§ Data section:
**********
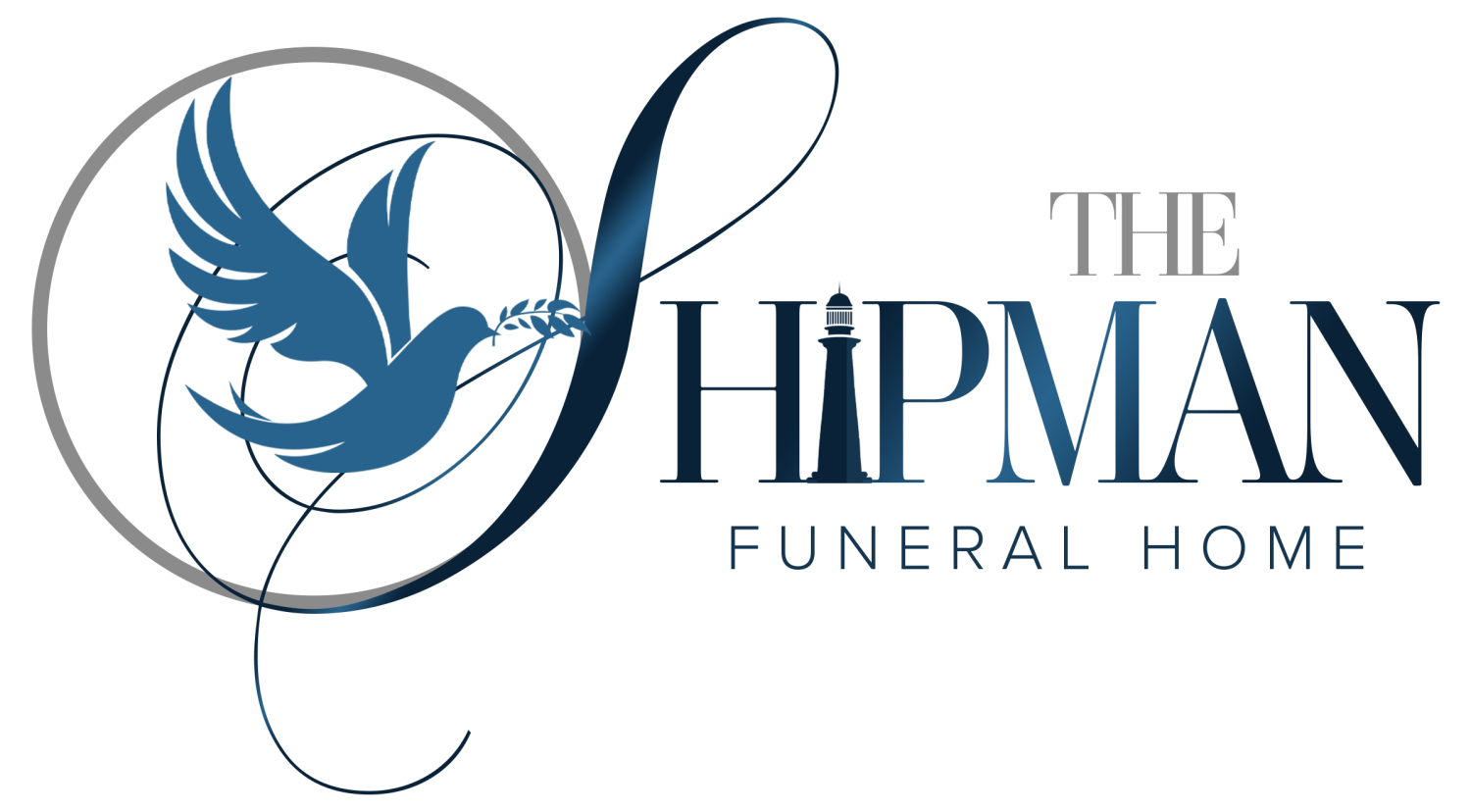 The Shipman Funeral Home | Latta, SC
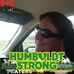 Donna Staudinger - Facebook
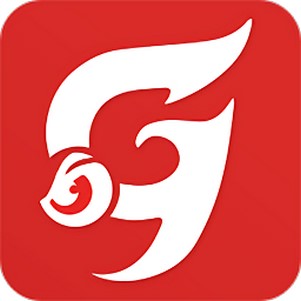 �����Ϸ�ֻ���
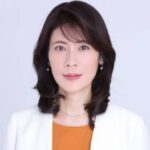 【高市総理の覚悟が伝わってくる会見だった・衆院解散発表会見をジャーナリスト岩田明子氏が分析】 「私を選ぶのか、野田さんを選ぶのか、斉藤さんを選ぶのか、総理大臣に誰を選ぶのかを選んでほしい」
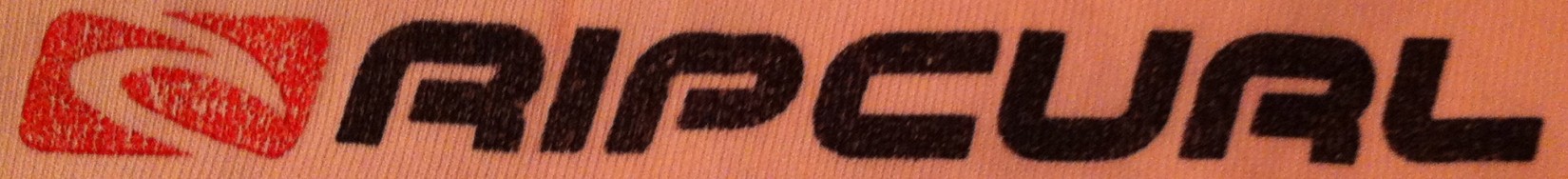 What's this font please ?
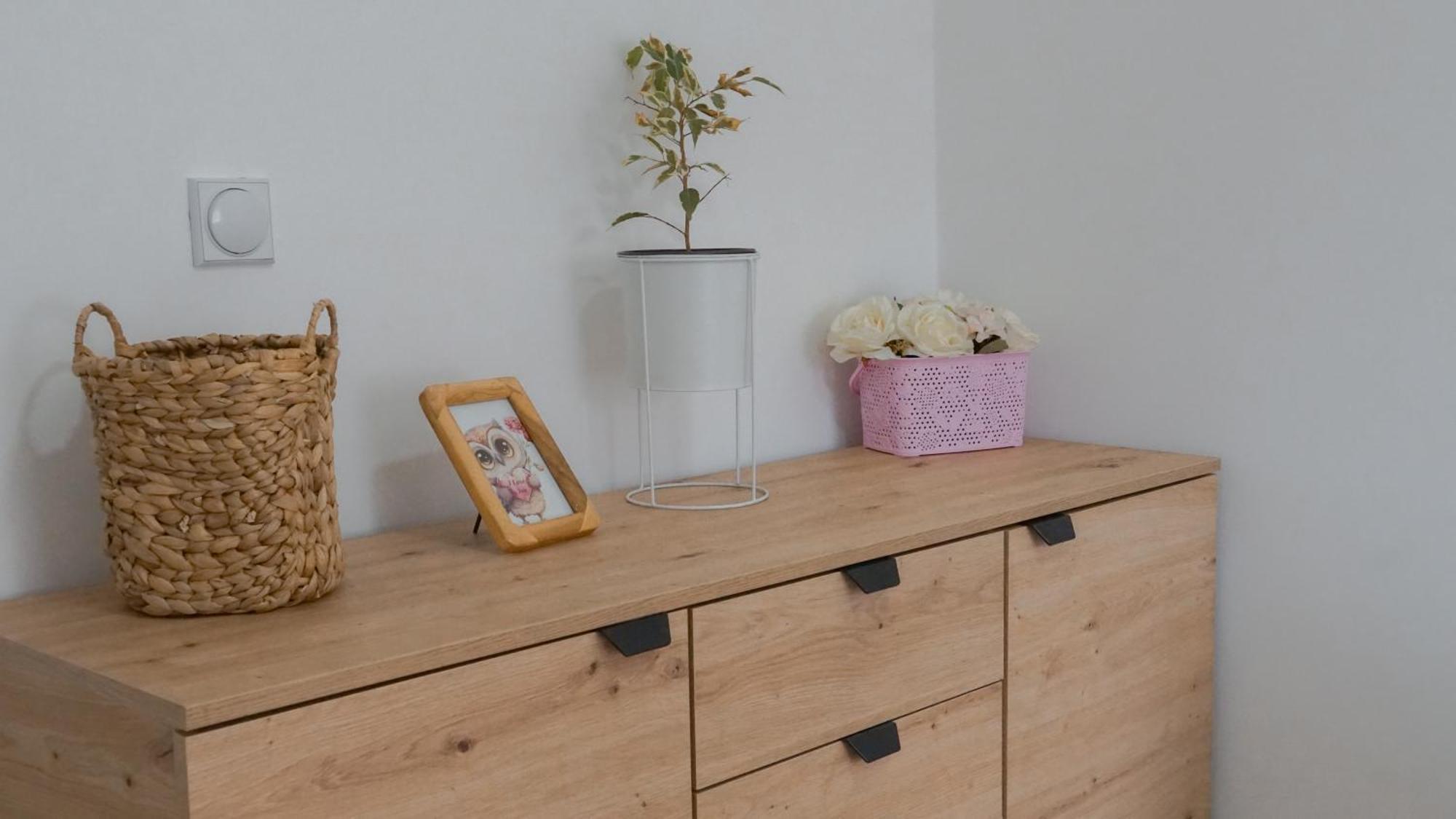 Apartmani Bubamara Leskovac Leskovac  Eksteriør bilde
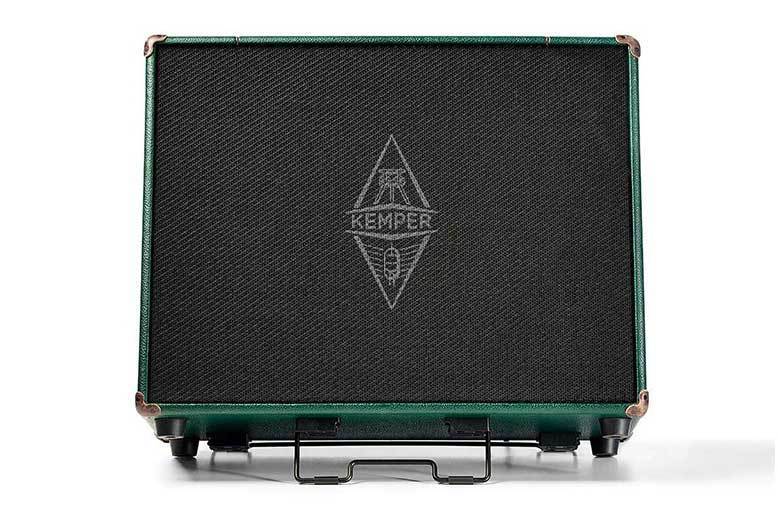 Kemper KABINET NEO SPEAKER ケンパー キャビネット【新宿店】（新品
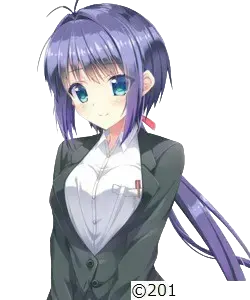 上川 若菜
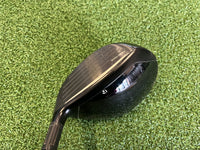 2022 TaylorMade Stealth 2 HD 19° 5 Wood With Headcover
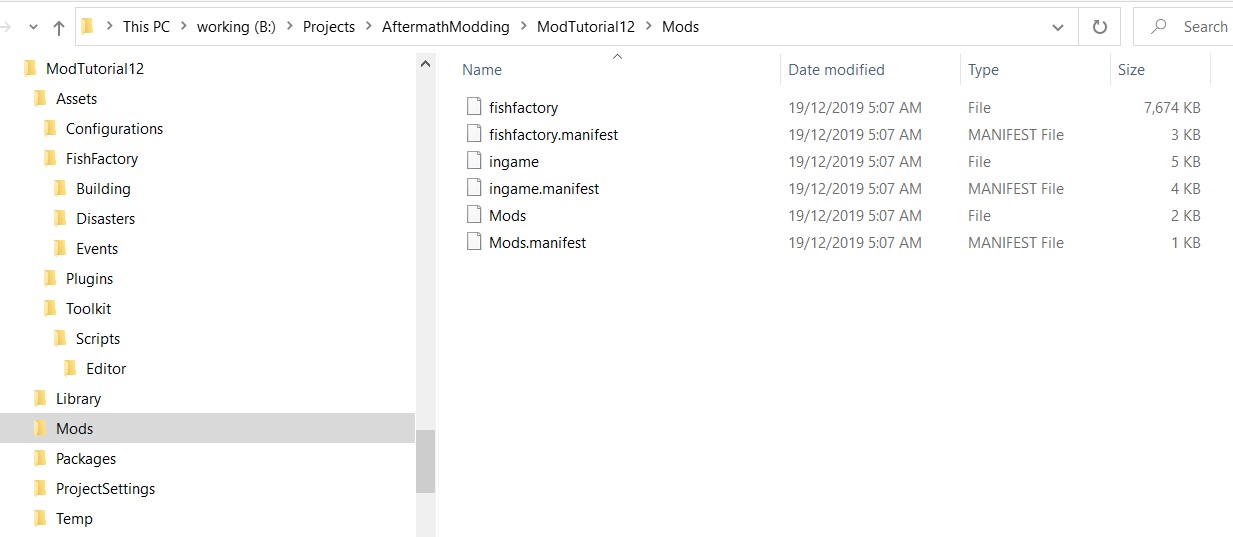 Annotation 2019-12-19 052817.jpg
**********
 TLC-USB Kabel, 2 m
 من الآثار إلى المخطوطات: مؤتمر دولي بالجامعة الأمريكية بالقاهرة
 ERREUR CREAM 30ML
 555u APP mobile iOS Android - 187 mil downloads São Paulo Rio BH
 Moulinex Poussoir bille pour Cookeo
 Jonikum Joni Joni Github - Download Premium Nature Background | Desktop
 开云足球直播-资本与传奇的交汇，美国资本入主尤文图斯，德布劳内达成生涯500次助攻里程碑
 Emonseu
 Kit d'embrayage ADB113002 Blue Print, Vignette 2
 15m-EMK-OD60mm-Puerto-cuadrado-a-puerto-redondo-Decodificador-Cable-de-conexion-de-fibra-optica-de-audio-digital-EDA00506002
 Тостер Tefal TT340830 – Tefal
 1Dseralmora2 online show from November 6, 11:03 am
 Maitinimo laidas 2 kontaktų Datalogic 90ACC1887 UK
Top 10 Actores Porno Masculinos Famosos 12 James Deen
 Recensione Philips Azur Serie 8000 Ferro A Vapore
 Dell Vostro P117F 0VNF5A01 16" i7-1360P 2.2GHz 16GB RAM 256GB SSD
**********
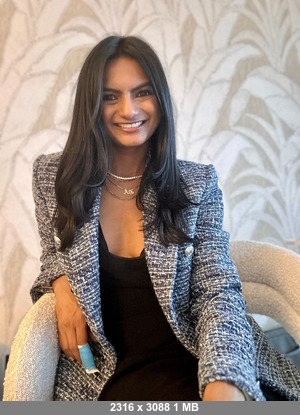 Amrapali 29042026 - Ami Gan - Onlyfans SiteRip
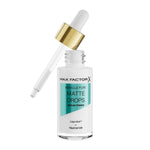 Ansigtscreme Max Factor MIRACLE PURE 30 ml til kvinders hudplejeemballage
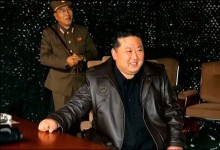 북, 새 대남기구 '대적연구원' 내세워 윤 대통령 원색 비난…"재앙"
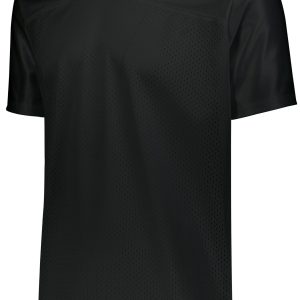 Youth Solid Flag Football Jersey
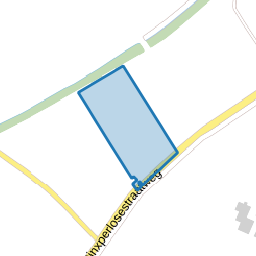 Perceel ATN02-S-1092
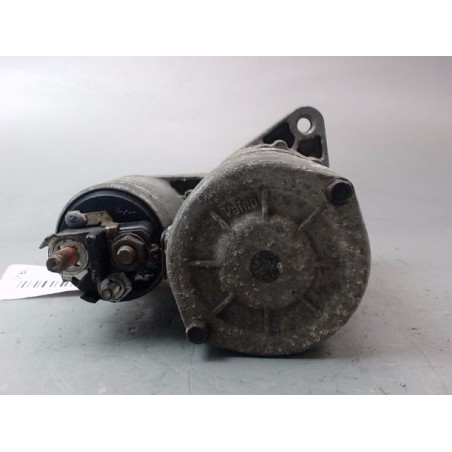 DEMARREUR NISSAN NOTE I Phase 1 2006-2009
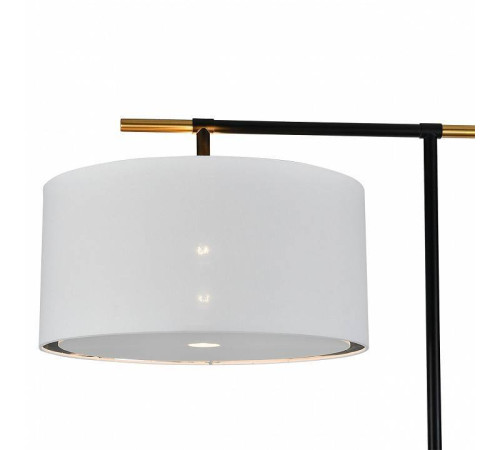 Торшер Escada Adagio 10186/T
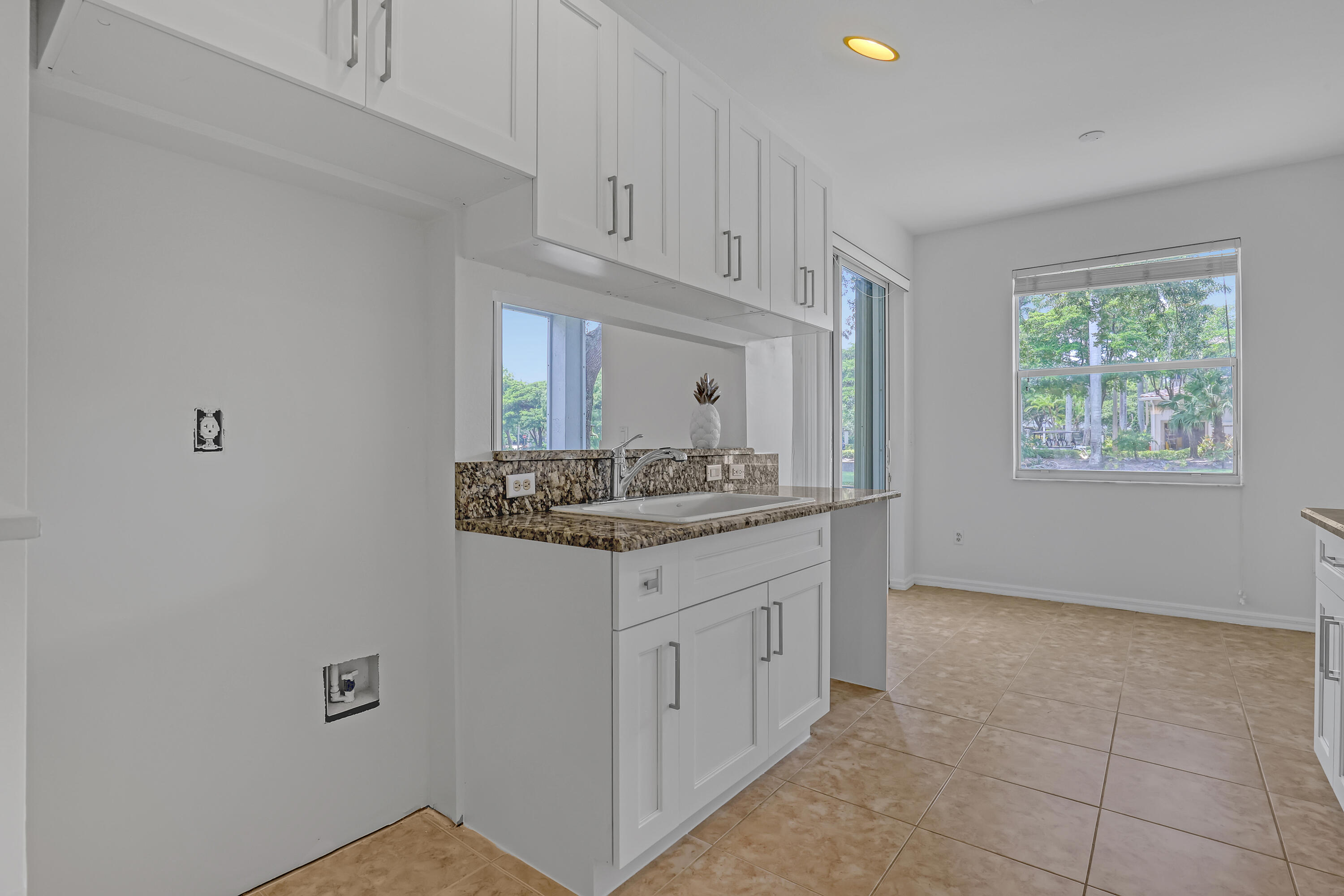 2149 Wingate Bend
**********
§ The task: From the records above, repeat exactly the lines from the one with "1Dseralmora2 online show" through the one with "Dell Vostro P117F", both included.

§ Result for this task:
 1Dseralmora2 online show from November 6, 11:03 am
 Maitinimo laidas 2 kontaktų Datalogic 90ACC1887 UK
Top 10 Actores Porno Masculinos Famosos 12 James Deen
 Recensione Philips Azur Serie 8000 Ferro A Vapore
 Dell Vostro P117F 0VNF5A01 16" i7-1360P 2.2GHz 16GB RAM 256GB SSD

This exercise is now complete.